But to “blame” the Data Vault approach in this scenario, no. Don’t blame Data Vault. Blame the practitioners who went off into the ditch and misapplied DV2.0. In other words, it’s the people, not the approach that gets organizations in trouble.
Importance of the Data Vault Taxonomy
But I would add that if there is one place to get everyone on the same page that really does matter, it’s in the development and utilization of our business vocabulary: our taxonomy.
Data Vaults operate at their best when business rules, keys, and relationships between data elements are well understood. Here again, this can be done in an incremental, agile way. Let’s avoid boiling the ocean. But to get everyone using data aligned with those that are sourcing, aggregating, and modeling data can be a magical moment.

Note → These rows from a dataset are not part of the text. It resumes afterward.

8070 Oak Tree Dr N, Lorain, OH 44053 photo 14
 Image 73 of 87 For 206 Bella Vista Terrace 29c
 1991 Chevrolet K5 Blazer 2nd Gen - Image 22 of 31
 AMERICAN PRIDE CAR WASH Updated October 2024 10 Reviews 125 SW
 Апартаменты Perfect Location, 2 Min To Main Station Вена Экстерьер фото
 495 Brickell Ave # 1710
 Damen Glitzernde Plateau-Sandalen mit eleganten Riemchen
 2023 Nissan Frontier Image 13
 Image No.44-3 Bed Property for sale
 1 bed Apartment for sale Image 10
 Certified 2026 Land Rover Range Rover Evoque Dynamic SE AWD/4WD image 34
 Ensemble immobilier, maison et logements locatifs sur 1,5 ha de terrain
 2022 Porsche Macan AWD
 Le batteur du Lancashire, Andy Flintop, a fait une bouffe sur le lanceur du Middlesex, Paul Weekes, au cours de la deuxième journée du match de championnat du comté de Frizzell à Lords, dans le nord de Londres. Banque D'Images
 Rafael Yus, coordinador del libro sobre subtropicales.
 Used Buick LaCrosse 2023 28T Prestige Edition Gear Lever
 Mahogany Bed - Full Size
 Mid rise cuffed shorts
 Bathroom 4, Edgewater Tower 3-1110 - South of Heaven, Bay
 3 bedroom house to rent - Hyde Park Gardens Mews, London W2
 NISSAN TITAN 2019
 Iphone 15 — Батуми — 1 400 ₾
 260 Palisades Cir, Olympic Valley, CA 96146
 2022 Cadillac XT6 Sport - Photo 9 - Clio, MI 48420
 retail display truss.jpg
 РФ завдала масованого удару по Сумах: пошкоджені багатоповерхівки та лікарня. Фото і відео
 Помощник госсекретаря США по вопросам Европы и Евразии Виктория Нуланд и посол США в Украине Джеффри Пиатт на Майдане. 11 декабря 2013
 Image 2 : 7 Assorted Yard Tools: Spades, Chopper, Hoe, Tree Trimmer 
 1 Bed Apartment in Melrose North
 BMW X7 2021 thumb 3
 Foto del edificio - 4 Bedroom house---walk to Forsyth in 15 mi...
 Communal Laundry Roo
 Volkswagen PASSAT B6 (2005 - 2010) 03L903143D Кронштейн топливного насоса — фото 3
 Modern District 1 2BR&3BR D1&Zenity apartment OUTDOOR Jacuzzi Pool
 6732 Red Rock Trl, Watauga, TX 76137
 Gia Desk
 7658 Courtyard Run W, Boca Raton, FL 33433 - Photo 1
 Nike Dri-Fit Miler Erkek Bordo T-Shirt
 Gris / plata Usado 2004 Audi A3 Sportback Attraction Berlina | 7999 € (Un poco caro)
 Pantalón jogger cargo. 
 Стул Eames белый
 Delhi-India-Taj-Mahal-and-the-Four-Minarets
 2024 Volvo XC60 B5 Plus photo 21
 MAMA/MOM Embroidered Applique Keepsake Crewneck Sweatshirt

Data catalogs help, for sure. But however you do it, building a sustained business taxonomy will ensure that business users not only get the data elements they need, but also are able to interpret the data in a context of how to apply it.
One analysts’ interpretation of “product margin,” for example, should never be confused with another’s interpretation. Margin is margin. And if it isn’t for your organization, you probably need more words in the taxonomy that are truly unique.
Maybe one practitioner’s “margin” is somebody else’s “contributed margin,” or another designation altogether. This is something that Bill Inmon has talked to me about for years. It is also in line with much of the discussions we are hearing about the Semantics Layer; i.e., deriving information based on the business meaning.
Whether it’s from poorly defined taxonomy, or ignoring the agile-delivery part of the DV2.0 standard, or by dismissing the Infomart layer of the Data Vault, we can see how misunderstandings get created, and Data Vault 2.0 gets unfairly criticized.
But to suggest that it’s somehow hard to get data out of a well-designed Data Vault, developed and deployed by trained and competent architects and data engineers, is simply wrong. Getting data out is easy, and is part and parcel of the DV2.0 standard.